ACTIVITY:
Each line of the records that holds "Purple" should be shown in full.

DATA SUPPLIED:
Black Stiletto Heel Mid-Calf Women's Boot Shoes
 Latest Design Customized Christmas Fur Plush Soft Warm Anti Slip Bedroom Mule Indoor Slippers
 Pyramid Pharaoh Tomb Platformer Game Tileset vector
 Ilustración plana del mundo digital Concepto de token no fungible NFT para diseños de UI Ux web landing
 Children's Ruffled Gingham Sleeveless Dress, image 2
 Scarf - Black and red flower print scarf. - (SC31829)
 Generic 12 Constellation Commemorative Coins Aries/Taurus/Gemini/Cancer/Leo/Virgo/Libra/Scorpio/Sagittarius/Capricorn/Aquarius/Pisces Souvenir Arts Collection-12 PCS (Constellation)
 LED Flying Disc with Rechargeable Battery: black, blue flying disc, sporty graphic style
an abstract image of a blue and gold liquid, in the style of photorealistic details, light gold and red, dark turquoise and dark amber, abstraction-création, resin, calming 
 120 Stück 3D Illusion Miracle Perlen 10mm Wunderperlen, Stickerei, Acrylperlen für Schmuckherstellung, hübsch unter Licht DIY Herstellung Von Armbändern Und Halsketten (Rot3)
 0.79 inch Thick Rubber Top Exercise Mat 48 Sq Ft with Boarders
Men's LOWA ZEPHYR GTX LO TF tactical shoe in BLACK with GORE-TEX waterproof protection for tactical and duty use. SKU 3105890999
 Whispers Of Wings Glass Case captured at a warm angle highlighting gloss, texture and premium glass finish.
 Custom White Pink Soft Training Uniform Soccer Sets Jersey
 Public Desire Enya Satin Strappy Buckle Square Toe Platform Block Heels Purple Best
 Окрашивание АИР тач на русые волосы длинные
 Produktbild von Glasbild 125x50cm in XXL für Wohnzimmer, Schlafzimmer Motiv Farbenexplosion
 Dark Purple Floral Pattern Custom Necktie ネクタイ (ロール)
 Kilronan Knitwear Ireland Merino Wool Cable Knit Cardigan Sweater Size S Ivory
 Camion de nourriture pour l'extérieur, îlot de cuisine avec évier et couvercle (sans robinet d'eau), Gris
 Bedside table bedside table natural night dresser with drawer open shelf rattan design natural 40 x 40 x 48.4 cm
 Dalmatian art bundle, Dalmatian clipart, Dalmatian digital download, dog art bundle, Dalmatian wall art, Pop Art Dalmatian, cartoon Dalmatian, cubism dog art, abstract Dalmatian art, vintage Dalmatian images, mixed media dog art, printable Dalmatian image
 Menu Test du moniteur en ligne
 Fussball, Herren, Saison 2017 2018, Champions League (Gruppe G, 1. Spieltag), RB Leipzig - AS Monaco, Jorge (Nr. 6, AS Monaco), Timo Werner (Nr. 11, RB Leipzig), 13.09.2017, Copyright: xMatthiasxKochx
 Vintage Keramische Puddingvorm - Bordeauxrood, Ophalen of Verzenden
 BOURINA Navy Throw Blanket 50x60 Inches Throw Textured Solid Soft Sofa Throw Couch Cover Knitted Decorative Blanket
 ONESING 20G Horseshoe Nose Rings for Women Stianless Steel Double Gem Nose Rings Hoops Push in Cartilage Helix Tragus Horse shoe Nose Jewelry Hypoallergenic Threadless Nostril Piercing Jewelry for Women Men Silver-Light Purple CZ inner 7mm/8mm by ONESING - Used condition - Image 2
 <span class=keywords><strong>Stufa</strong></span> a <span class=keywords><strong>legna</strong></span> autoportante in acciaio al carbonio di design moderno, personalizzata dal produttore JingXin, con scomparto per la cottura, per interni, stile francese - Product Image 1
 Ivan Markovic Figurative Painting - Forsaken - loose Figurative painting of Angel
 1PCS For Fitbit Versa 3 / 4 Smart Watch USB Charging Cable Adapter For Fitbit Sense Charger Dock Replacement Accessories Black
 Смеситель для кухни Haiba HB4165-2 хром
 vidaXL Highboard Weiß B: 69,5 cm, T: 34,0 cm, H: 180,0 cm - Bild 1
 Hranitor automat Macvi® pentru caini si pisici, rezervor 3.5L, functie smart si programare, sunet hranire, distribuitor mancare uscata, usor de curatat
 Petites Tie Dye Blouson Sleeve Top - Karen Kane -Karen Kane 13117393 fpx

WRITTEN SOLUTION:
 Public Desire Enya Satin Strappy Buckle Square Toe Platform Block Heels Purple Best
 Dark Purple Floral Pattern Custom Necktie ネクタイ (ロール)
 ONESING 20G Horseshoe Nose Rings for Women Stianless Steel Double Gem Nose Rings Hoops Push in Cartilage Helix Tragus Horse shoe Nose Jewelry Hypoallergenic Threadless Nostril Piercing Jewelry for Women Men Silver-Light Purple CZ inner 7mm/8mm by ONESING - Used condition - Image 2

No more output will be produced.